Publication year - 2018
Publication title -
environmental policy and governance
Language(s) - English
Resource type - Journals
SCImago Journal Rank - 0.987
H-Index - 48
eISSN - 1756-9338
pISSN - 1756-932X
DOI - 10.1002/eet.1815
Subject(s) - polycentricity , environmental governance , corporate governance , social movement , economic justice , climate justice , politics , climate governance , political science , sociology , climate change , ecology , economics , law , biology , finance
What is the relationship between social movements and polycentric governance? The concept of polycentricity has been at the center of recent debates in environmental governance. While most of this work has analyzed polycentric arrangements in relation to collaborative and adaptive governance, some have recently focused on how political conflicts shape these arrangements. In this paper we build on this work through Luther Gerlach's forgotten framework of polycentric social movements to undertake the task of politicizing polycentricity. This task entails expanding the analytical focus of institutional analyses of polycentricity and examining the social group politics of social movements. To this end, we present a case study of the climate justice movement and its relation to climate change governance. We analyze whether and to what extent the movement has embodied polycentric arrangements throughout its history, and to what effects. We show that show that, in seeking to address the multiscalar nature of environmental problems and the limits of existing institutional arrangements, climate justice groups are increasingly organized in a polycentric fashion. Climate justice groups mobilize multiple strands of environmental justice movements from the global North and South, as well as from indigenous and peasant rights movements, and it is organized as a decentralized network of semiautonomous, coordinated units.

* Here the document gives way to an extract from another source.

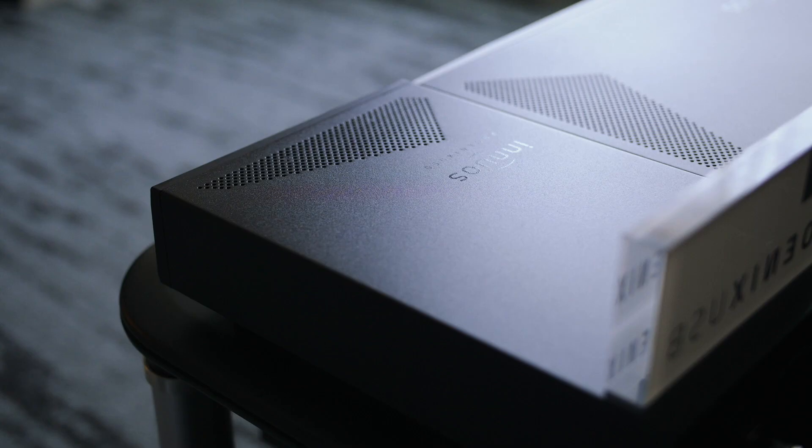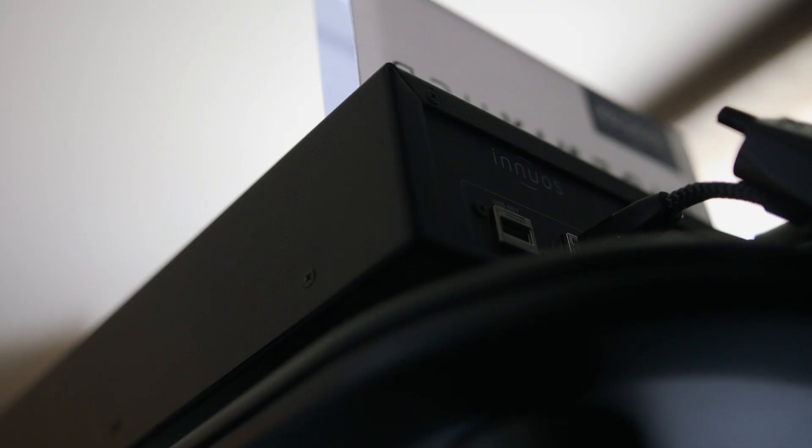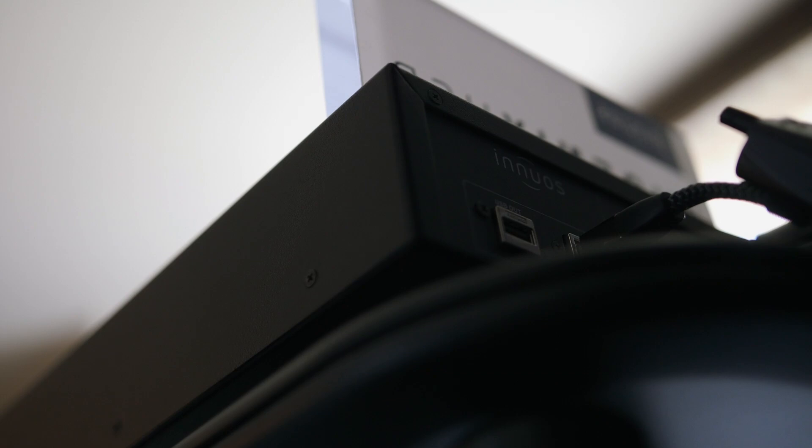It incorporates basically a USB regenerator, a master clock, and a linear power supply in one chassis. What we're using is a high-precision OCXO master clock operating at 24 MHz, and it's being filtered with clean power from a statement-level linear power supply, as well as a separate power supply for our USB chip.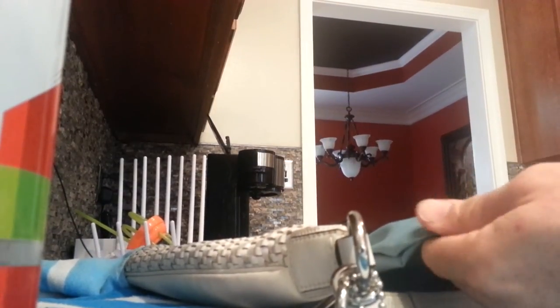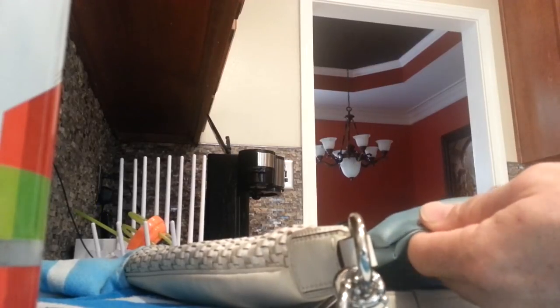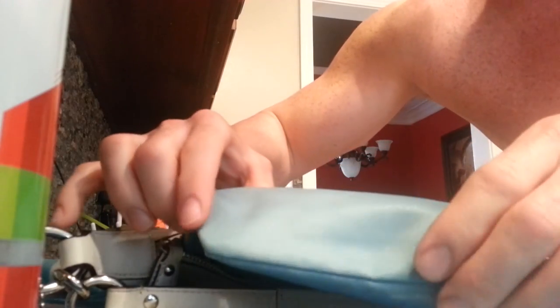No discoloration so far — I'll have to know once I let it dry. But as you can see, there are no stains anymore. There's no water stains or whatever was in this purse — looked like maybe coffee — it's gone from the purse.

We find that this strategy generates new opportunities and challenges for the movement, and thus has important implications for its effectiveness in achieving these transformations. Lastly, we find that through these polycentric arrangements, movements such as that for climate justice are able to exert simultaneous influence on multiple sites of environmental governance, from the local to the global, furthering increased polycentricity in formal institutional arrangements.